Syngué Sabour : Pierre de patience - Atiq RAHIMI



De nos jours. Afghanistan (ou ailleurs). Une ville en guerre. Une femme veille son mari blessé d'une balle dans la nuque. Il est allongé, immobile, les yeux ouverts, sans paroles, mais peut-être pas sans pensées. Elle va profiter de son état larvaire pour lui exploser à la face tous ses ressentiments, lui avouer ses secrets, lui parler comme elle n'aurait jamais pu le faire s'il avait été dans un état "normal". Cette fois, il va devenir sa "chose", sa "syngué sabour", cette pierre qui absorbe les douleurs et souffrances avant d'imploser et de permettre de recouvrer la liberté.

 


Difficile de dormir facilement après les dernières lignes d'une telle histoire. D'abord parce qu'elles se sont pas très explicites : nous sommes obligés de choisir entre parabole ou hallucination, car enfin, l'homme se réveille-t-il ? Frappe-t-il sa femme ? Est-ce son imaginaire à elle ? Et puis ce qui dérange, ce sont toutes ces petites bribes de souffrance, femmes mal aimées, mal mariées, mal bais..., ignorantes de l'amour, de simples ombres vivant dans la crainte, la peur, d'être égorgée violentée, violée, d'avoir faim, de manquer d'eau, de dormir sans rêve. Une vie sans amour est-elle concevable ? Au prix de quelle survivance ?

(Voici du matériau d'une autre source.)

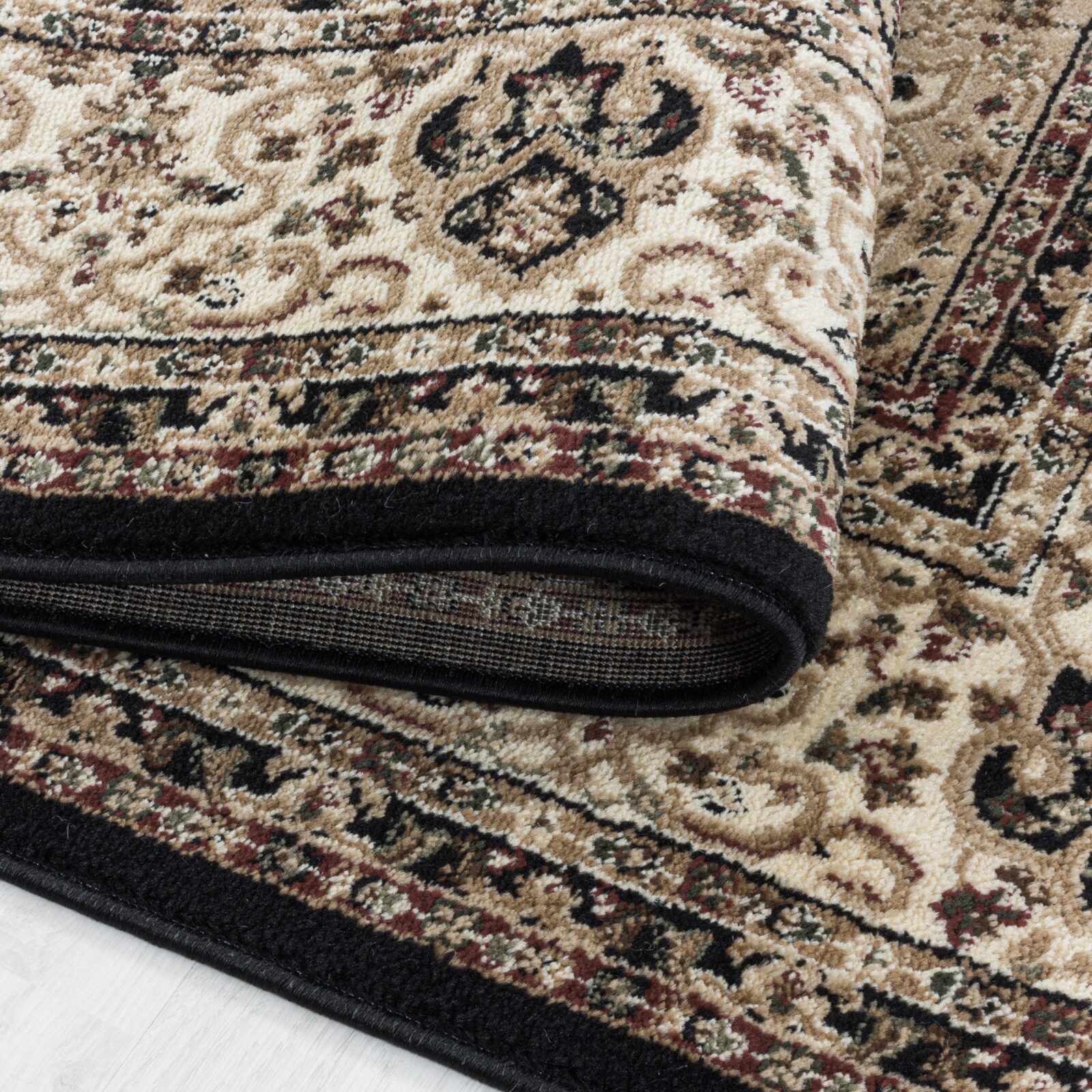 Kashmir Oosters vloerkleed Oosters – Zwart (2608)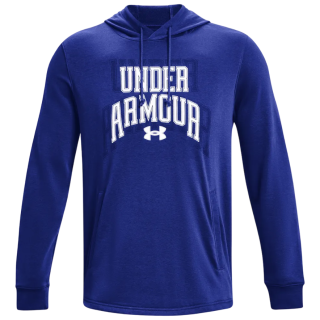 Hanorac bărbați Under Armour Rival Terry Graphic HD albastru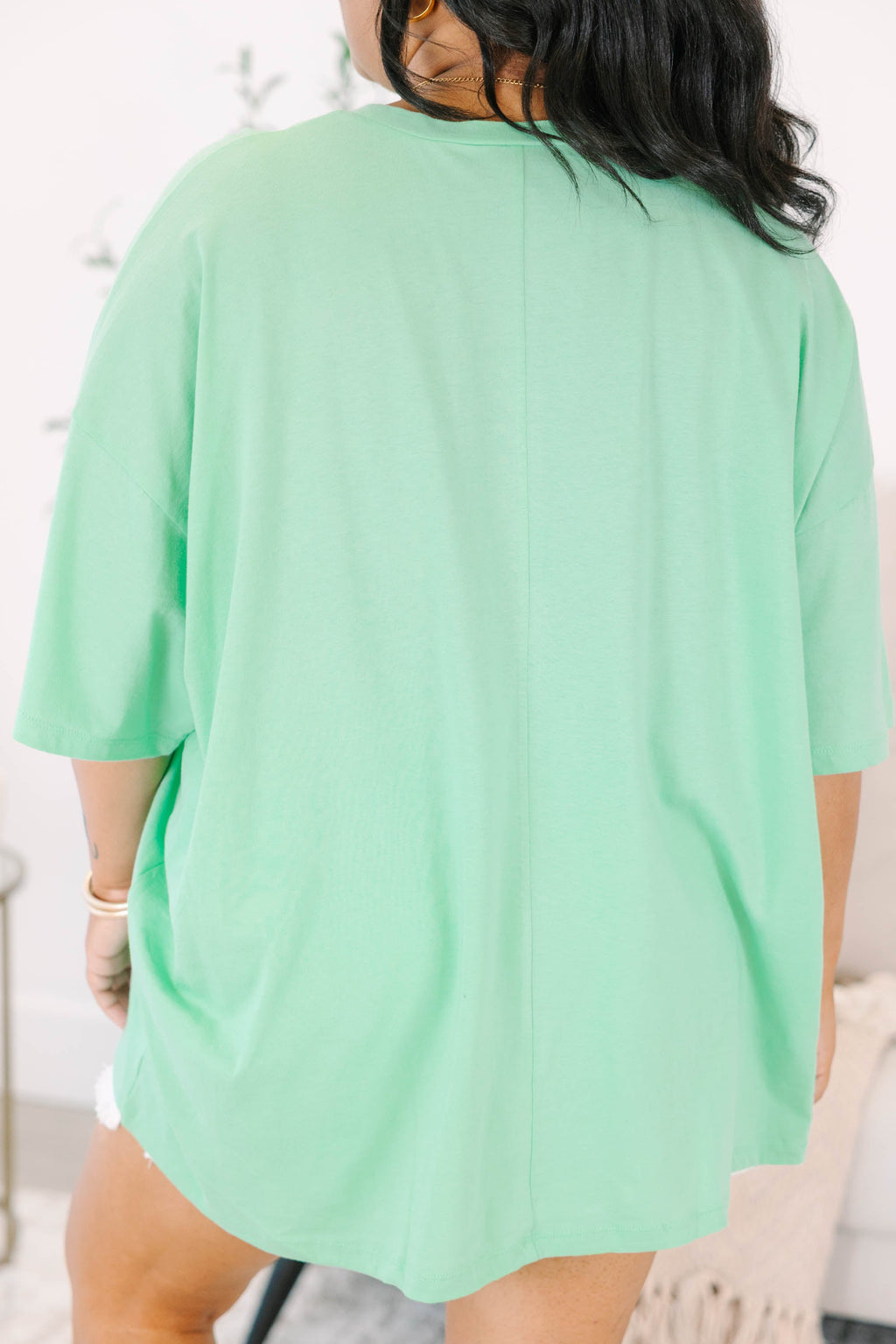 Later Gator Boyfriend Tee, Green Mint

Les bruits de la guerre, les tirs, le feu, les cris se mêlent dans l'agonie des espoirs. Vous comprendrez que cette histoire ne se lit pas d'une seule traite, pas pour moi. Il a fallu que je m'y plonge au compte-goutte, à l'image du goutte à goutte qui relie la poche de sérum à l'homme cataleptique. Car il faut s'imprégner de cette souffrance à petite dose.

Une histoire terrible que celle de cette femme qui, bien que mariée de force, finit par aimer cet époux de marbre. Cet inconnu effrayant qui ne lui parle pas, qui la possède maladroitement, qui ne sait même pas qu'elle existe, qui lui demande de "cacher sa viande" sous ses habits ! Chapeau à l'auteur qui a su si bien traduire les (res)sentiments féminins !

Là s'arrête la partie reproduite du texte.